An arch-conservative American cardinal has denied that his sudden posting to Guam is a punishment from Pope Francis for a satirical publication released last week to skewer the pontiff’s liberal views.
In a fake paper designed to look like the official Vatican newspaper, conservative Catholics mocked the pope, even including a phony interview with him.
In the wake of the incident, the Vatican dispatched Cardinal Raymond Leo Burke to Guam to be the judge at a trial of an archbishop who was removed from office last year after several allegations of child sex abuse. Burke insisted the trial will likely be finished by the summer and told Mediaset in Italy that the posting was normal and not a punishment from the pope, though the two men have clashed in the past.

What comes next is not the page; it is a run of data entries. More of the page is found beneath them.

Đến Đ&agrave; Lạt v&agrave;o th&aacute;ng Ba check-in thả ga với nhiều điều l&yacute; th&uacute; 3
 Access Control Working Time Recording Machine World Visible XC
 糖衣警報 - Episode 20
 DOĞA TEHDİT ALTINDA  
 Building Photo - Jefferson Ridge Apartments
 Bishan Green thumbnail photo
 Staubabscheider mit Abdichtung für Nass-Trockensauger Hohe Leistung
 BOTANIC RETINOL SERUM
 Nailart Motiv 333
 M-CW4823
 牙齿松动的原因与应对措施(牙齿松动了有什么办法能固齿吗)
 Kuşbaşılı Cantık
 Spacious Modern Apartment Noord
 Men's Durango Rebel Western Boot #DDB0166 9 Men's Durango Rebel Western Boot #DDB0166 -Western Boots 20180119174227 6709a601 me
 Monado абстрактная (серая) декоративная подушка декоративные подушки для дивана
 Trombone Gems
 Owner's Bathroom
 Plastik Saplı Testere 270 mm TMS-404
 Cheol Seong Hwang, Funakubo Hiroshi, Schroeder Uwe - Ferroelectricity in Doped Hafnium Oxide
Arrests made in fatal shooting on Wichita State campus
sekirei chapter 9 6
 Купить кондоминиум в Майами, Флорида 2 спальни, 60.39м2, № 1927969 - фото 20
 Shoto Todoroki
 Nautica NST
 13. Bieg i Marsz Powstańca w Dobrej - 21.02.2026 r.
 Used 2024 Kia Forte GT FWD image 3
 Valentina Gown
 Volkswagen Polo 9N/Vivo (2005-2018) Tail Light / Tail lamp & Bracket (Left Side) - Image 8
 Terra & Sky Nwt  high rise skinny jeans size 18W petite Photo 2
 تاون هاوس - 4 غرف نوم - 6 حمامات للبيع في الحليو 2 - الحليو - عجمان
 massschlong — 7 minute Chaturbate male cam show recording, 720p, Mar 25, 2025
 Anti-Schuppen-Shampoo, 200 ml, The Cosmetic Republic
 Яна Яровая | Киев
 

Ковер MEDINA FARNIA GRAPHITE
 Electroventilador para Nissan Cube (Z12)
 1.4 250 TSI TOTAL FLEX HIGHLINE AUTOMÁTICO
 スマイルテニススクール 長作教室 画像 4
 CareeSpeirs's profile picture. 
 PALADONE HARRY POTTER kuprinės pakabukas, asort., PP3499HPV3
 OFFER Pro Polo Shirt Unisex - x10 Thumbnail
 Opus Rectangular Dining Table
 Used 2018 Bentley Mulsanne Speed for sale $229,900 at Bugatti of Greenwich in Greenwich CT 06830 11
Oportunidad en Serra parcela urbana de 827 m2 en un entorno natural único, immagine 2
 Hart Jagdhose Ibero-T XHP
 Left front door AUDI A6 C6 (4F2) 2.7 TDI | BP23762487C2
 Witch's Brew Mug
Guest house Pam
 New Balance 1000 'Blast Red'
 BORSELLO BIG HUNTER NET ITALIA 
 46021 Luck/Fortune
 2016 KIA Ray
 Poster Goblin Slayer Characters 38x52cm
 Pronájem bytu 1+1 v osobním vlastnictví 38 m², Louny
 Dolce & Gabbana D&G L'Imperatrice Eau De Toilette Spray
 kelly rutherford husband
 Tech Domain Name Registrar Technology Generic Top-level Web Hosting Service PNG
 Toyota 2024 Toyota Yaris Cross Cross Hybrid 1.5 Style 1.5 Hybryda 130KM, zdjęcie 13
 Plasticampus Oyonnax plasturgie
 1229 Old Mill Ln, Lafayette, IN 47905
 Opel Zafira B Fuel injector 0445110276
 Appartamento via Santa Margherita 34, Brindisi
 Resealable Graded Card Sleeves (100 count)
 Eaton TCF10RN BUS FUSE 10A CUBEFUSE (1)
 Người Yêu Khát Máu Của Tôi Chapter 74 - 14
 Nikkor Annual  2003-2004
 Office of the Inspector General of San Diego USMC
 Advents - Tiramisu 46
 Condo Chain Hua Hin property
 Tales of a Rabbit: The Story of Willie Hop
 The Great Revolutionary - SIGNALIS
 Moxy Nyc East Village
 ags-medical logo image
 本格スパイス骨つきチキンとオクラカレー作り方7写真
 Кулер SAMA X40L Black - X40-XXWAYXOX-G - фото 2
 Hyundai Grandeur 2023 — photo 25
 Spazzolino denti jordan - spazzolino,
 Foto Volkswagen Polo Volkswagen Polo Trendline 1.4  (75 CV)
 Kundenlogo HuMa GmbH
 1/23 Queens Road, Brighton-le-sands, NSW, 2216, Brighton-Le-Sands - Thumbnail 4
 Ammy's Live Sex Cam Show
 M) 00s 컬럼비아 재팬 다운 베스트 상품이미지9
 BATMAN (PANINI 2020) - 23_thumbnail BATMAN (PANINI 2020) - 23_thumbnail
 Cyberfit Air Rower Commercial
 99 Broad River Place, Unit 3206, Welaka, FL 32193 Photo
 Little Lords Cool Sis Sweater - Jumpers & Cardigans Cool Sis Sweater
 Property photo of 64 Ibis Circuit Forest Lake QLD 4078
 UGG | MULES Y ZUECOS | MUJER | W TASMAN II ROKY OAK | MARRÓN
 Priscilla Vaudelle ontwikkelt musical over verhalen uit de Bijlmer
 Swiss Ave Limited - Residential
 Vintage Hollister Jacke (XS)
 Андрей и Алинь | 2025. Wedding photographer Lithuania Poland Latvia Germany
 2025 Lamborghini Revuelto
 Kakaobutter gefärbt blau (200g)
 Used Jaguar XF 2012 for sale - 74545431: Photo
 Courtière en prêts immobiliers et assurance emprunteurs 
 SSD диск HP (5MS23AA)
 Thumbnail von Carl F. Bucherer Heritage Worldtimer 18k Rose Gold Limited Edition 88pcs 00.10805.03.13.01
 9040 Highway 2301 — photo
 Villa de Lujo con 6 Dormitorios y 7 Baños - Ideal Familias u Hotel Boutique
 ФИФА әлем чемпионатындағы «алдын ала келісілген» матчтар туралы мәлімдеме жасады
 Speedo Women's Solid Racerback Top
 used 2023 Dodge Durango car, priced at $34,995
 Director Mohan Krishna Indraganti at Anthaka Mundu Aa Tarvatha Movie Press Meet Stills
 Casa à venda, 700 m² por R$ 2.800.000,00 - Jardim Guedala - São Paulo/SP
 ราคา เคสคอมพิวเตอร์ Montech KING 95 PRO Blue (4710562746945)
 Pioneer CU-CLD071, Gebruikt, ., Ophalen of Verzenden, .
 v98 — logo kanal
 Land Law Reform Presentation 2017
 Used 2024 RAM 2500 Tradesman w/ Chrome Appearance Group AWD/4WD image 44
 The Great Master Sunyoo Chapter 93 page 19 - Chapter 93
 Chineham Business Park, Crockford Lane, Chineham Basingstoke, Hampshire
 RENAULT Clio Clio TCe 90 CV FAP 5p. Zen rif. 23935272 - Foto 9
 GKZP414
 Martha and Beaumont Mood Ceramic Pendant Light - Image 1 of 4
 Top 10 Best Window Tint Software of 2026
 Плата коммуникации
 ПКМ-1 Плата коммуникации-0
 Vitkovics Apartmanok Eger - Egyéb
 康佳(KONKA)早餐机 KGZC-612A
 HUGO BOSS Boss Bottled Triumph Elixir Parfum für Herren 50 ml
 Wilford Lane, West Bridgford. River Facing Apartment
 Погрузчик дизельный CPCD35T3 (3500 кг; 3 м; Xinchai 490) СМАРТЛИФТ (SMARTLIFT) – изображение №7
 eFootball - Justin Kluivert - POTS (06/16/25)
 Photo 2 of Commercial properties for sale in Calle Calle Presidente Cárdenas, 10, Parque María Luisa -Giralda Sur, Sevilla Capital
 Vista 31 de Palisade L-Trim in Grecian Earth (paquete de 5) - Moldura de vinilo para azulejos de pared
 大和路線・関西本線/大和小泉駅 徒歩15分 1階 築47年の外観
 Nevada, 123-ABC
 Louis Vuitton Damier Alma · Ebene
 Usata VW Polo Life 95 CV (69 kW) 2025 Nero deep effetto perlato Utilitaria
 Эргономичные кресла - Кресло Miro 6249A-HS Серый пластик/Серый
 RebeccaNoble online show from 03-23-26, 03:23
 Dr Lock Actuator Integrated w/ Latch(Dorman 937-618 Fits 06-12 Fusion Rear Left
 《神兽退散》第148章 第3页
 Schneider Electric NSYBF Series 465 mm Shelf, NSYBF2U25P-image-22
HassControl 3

Burke is friends with Donald Trump’s top aide Steve Bannon, the New York Times reported earlier this month. They’re both members of an emboldened Catholic power base — self-described “rad trads,” or radical traditionalists — pushing for a stricter interpretation of church teachings, according to the Times. The pope, on the other hand, is one of the more liberal pontiffs of the last several decades. He preaches compassion, has encouraged protesting to achieve justice, is concerned about climate change and has attacked policies of the Trump administration without mentioning the president’s name.
Burke recently angered the pope after reportedly demanding the suspension of a leader of a traditionally conservative Catholic charity organization, the Knights of Malta, for arranging the distribution of free condoms in Myanmar. He was also one of four cardinals who issued a written challenge to Pope Francis asking him to further explain his teaching on family life, “Amoris Laetitia” ― which the fake Vatican paper ridiculed as well.
The trial Burke is set to preside over in Guam is already experiencing trouble. An altar boy who had accused the local archbishop of sex abuse has refused to take the stand, the Catholic News Agency reported.
His lawyer complained that the boy would be intimidated at the hearing because he would be surrounded and questioned by Catholic priests acting as the defense attorney, the prosecutor and the judge — yet the boy’s lawyer would not be allowed to be present to advise his client.
Advocates for victims of priest sex abuse complained about the choice of Burke for the case. They said the conservative cardinal has in other cases “consistently defended accused clergy and played hardball with victims,” Anne Barrett Doyle, a co-director of BishopAccountability.org told the Pacific Daily News.